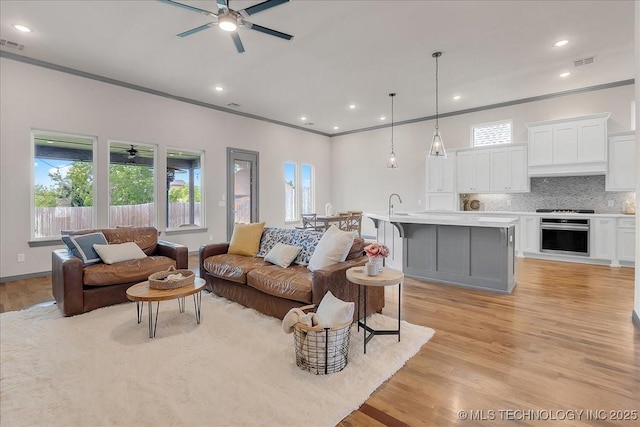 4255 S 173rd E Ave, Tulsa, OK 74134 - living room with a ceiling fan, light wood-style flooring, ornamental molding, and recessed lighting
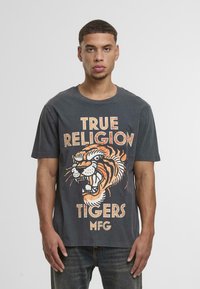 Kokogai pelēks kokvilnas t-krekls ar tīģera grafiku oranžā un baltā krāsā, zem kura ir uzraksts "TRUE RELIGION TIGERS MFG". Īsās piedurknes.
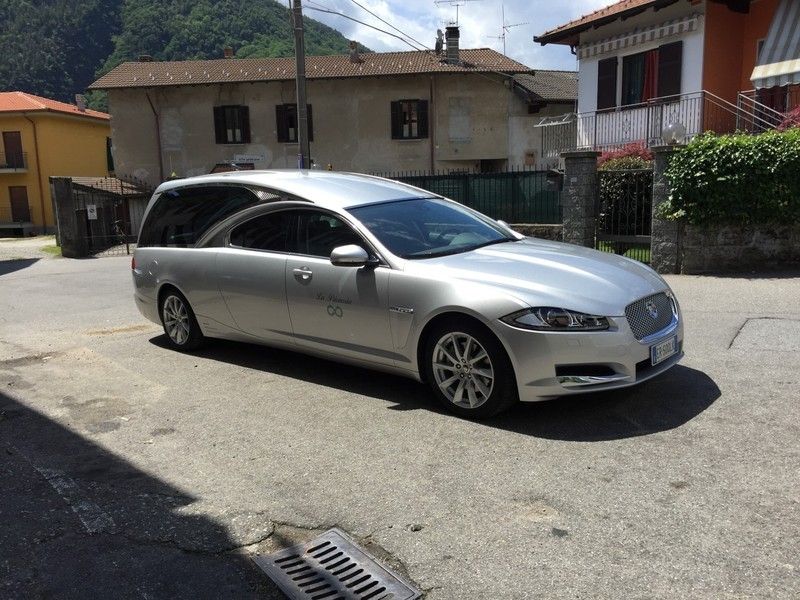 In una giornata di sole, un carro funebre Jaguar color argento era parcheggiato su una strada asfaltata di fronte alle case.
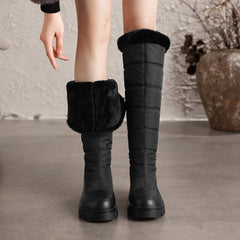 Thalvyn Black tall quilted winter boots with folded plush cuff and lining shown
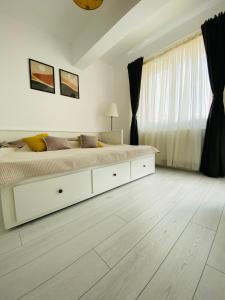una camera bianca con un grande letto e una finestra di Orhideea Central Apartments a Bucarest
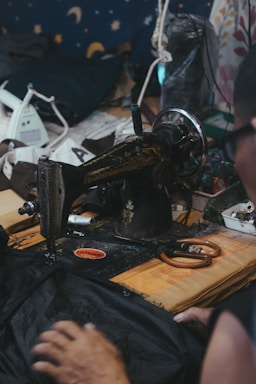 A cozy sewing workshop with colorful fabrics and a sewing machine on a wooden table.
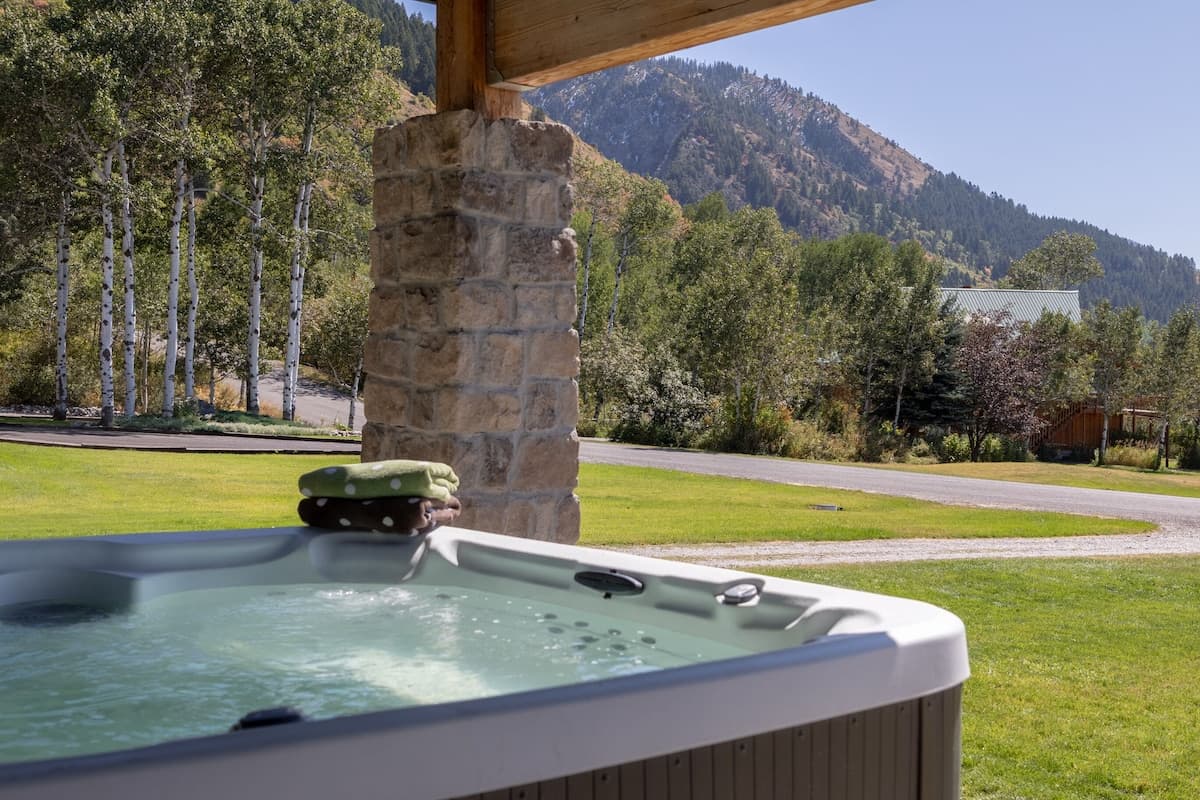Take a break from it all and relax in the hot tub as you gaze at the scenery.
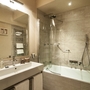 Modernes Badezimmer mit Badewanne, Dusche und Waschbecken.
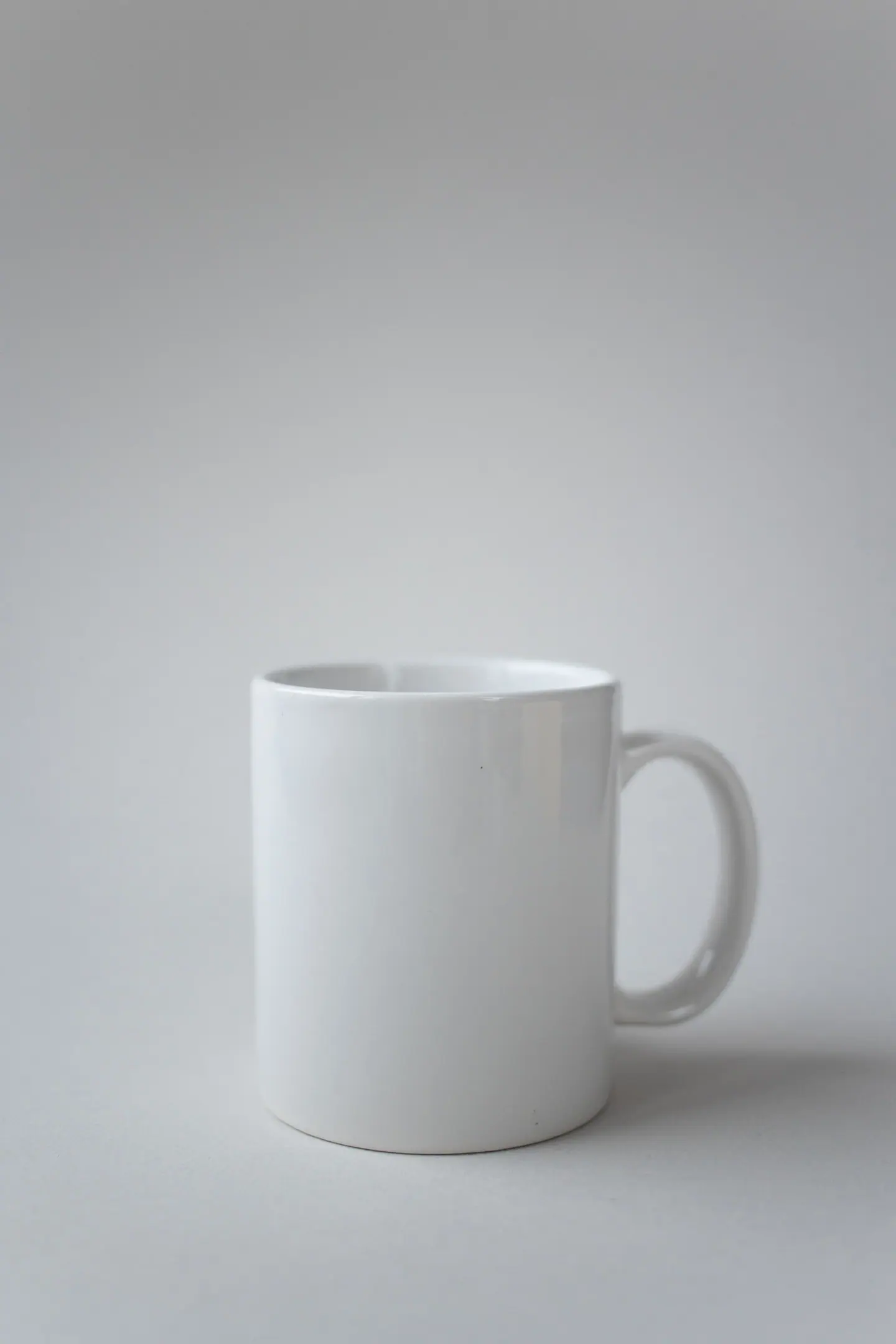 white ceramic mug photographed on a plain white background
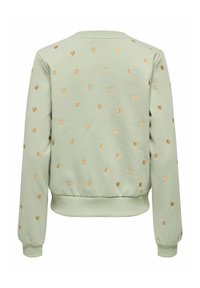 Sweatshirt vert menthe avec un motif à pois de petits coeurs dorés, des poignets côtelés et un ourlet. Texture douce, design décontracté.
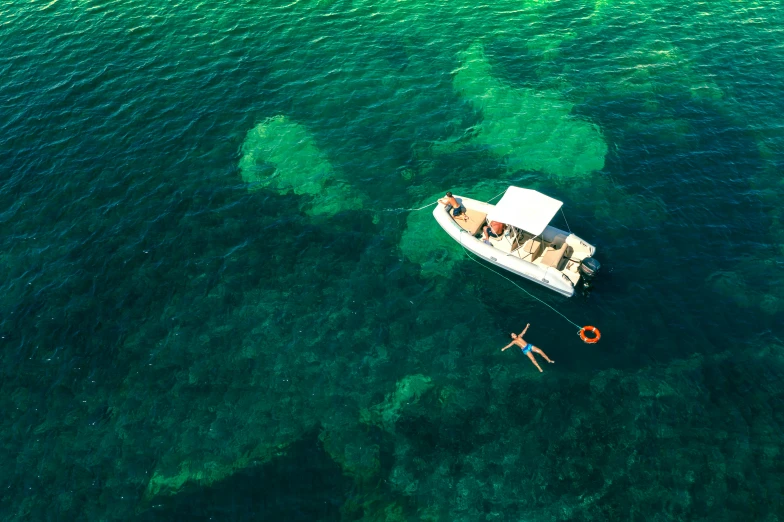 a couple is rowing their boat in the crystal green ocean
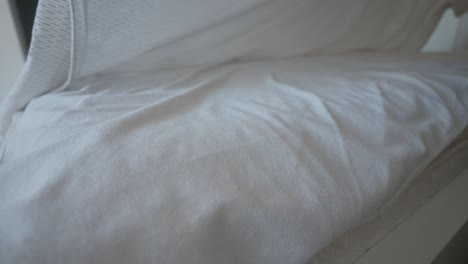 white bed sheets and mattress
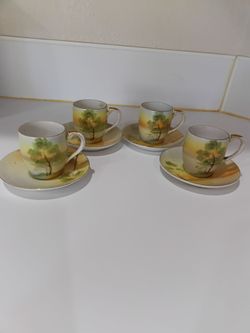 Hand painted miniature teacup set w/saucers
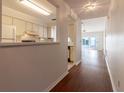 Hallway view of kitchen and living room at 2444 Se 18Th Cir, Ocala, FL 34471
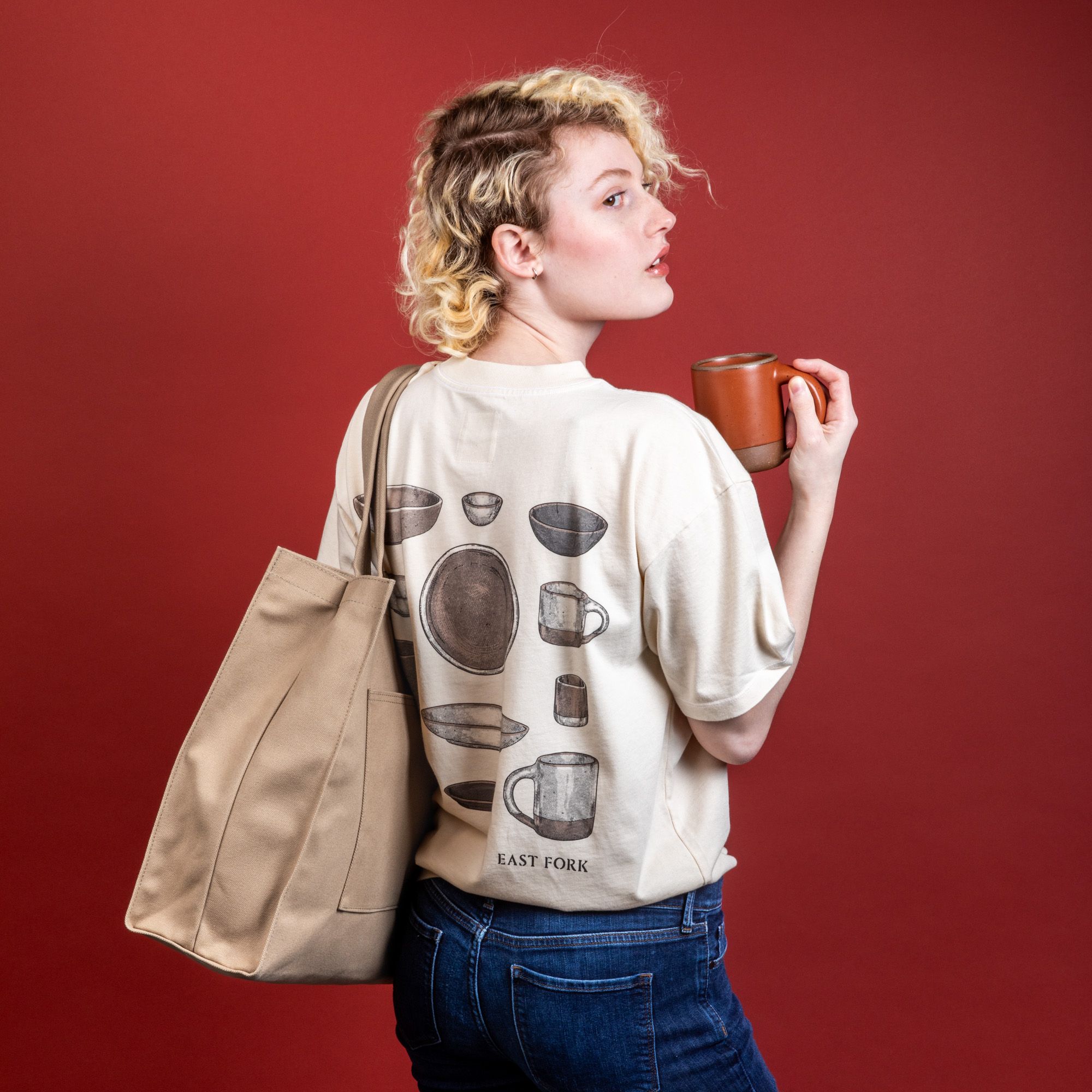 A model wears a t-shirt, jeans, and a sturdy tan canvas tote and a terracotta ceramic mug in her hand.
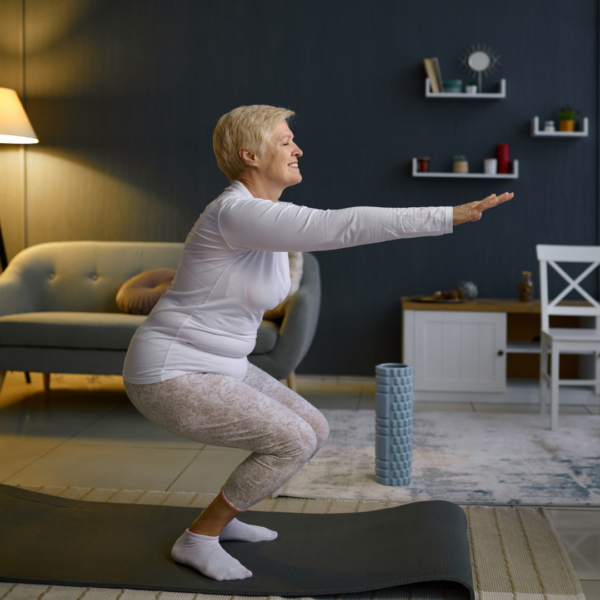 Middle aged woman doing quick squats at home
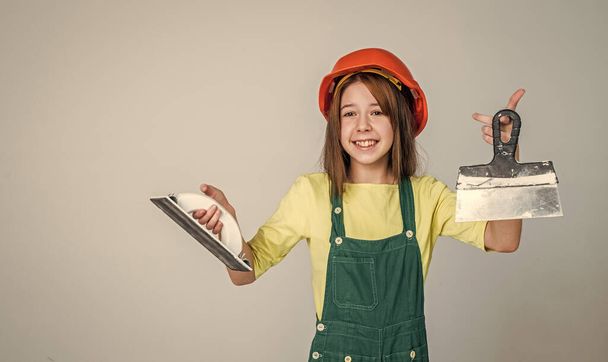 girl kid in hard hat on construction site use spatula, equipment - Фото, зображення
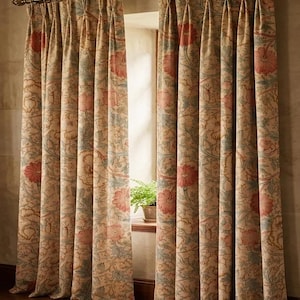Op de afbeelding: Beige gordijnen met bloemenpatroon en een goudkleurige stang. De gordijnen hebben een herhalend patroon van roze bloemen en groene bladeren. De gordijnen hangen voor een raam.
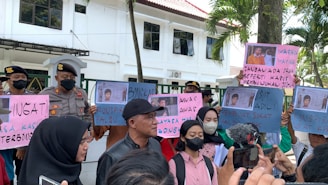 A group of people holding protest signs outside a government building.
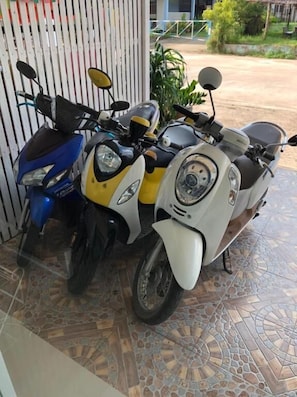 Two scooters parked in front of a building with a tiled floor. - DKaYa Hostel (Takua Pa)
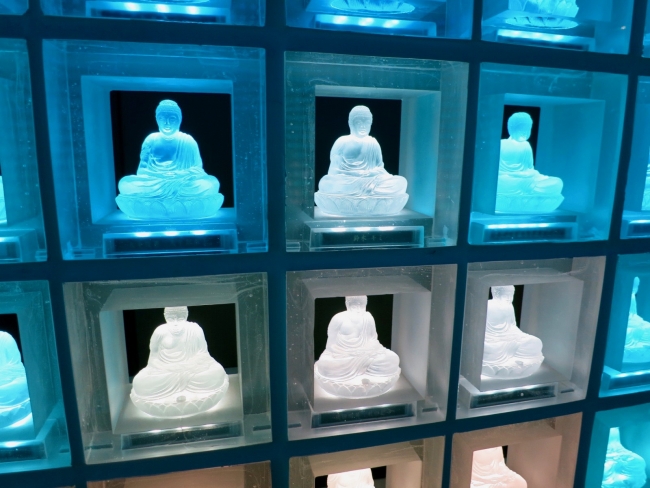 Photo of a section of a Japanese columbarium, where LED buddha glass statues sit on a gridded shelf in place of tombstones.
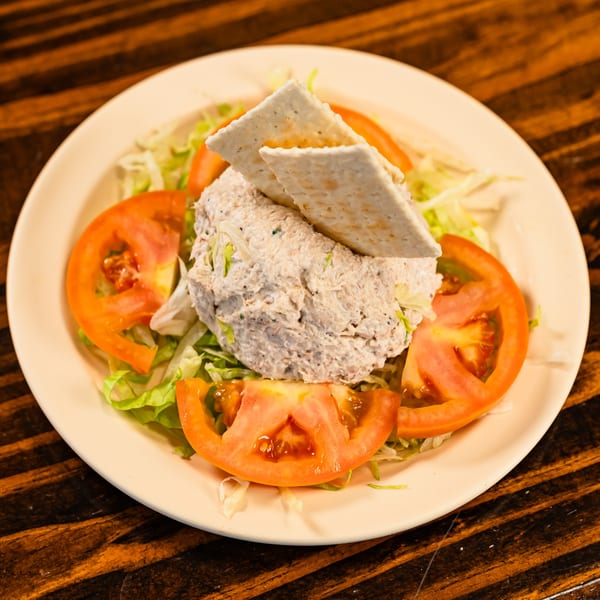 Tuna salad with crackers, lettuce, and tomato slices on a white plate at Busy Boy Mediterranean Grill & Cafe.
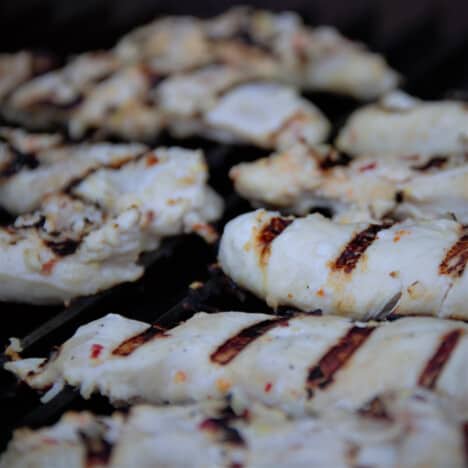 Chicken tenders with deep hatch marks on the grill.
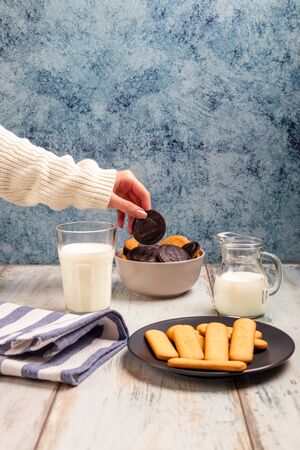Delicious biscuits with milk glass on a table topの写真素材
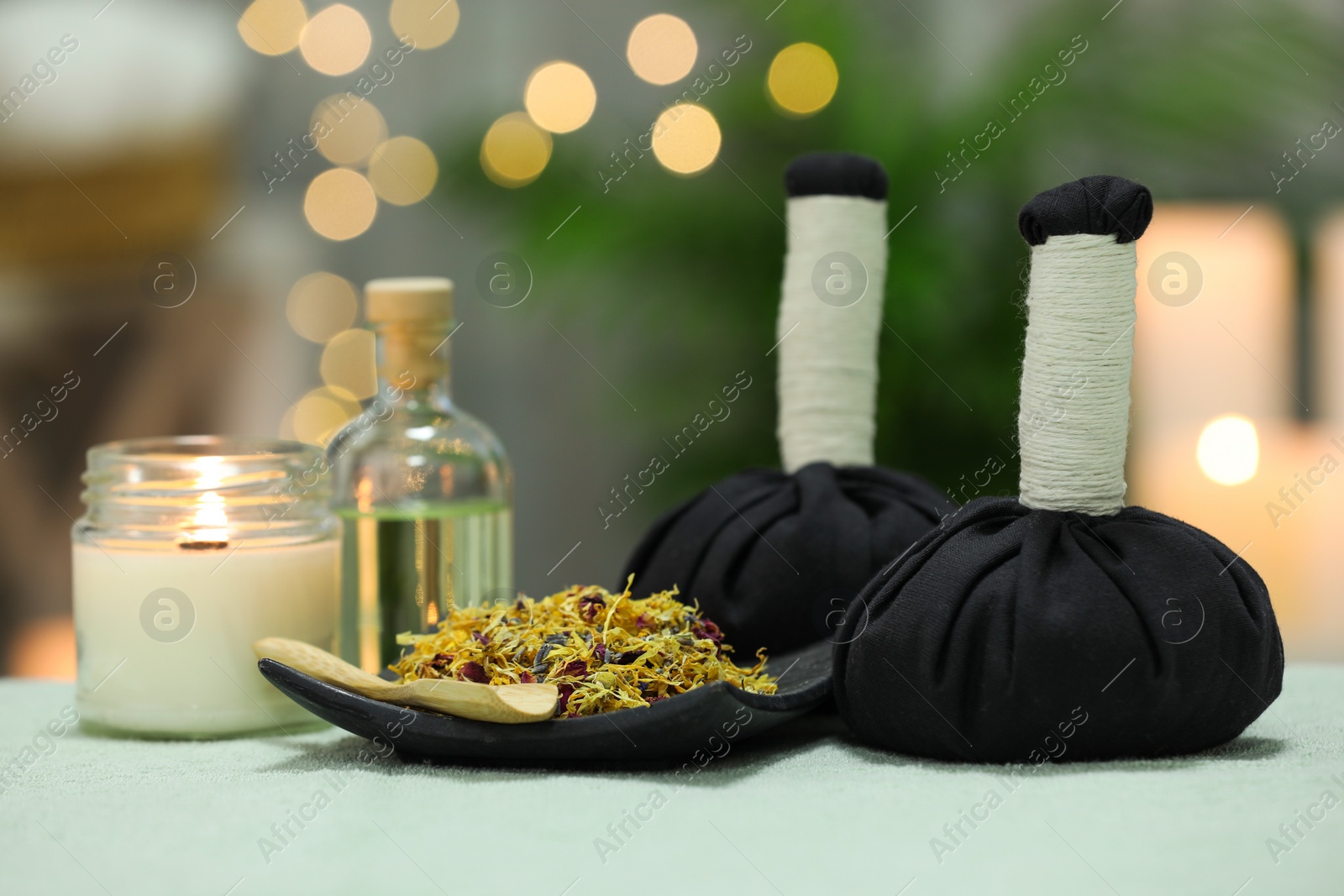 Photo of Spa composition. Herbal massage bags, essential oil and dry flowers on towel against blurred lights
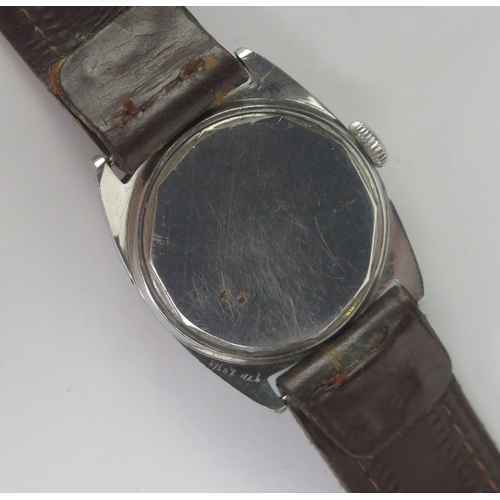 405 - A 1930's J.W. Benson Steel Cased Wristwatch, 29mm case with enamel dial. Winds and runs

> _Task directions_
Copy word for word the lines of the records above from the one with "Sweatshirt vert menthe" up to and including the one with "Photo of Spa". Skip the pictures.

> _Exercise result_
 Sweatshirt vert menthe avec un motif à pois de petits coeurs dorés, des poignets côtelés et un ourlet. Texture douce, design décontracté.
 a couple is rowing their boat in the crystal green ocean
 white bed sheets and mattress
 Hand painted miniature teacup set w/saucers
 Hallway view of kitchen and living room at 2444 Se 18Th Cir, Ocala, FL 34471
 A model wears a t-shirt, jeans, and a sturdy tan canvas tote and a terracotta ceramic mug in her hand.
 Middle aged woman doing quick squats at home
 girl kid in hard hat on construction site use spatula, equipment - Фото, зображення
Op de afbeelding: Beige gordijnen met bloemenpatroon en een goudkleurige stang. De gordijnen hebben een herhalend patroon van roze bloemen en groene bladeren. De gordijnen hangen voor een raam.
 A group of people holding protest signs outside a government building.
 Two scooters parked in front of a building with a tiled floor. - DKaYa Hostel (Takua Pa)
 Photo of a section of a Japanese columbarium, where LED buddha glass statues sit on a gridded shelf in place of tombstones.
 Tuna salad with crackers, lettuce, and tomato slices on a white plate at Busy Boy Mediterranean Grill & Cafe.
 Chicken tenders with deep hatch marks on the grill.
Delicious biscuits with milk glass on a table topの写真素材
 Photo of Spa composition. Herbal massage bags, essential oil and dry flowers on towel against blurred lights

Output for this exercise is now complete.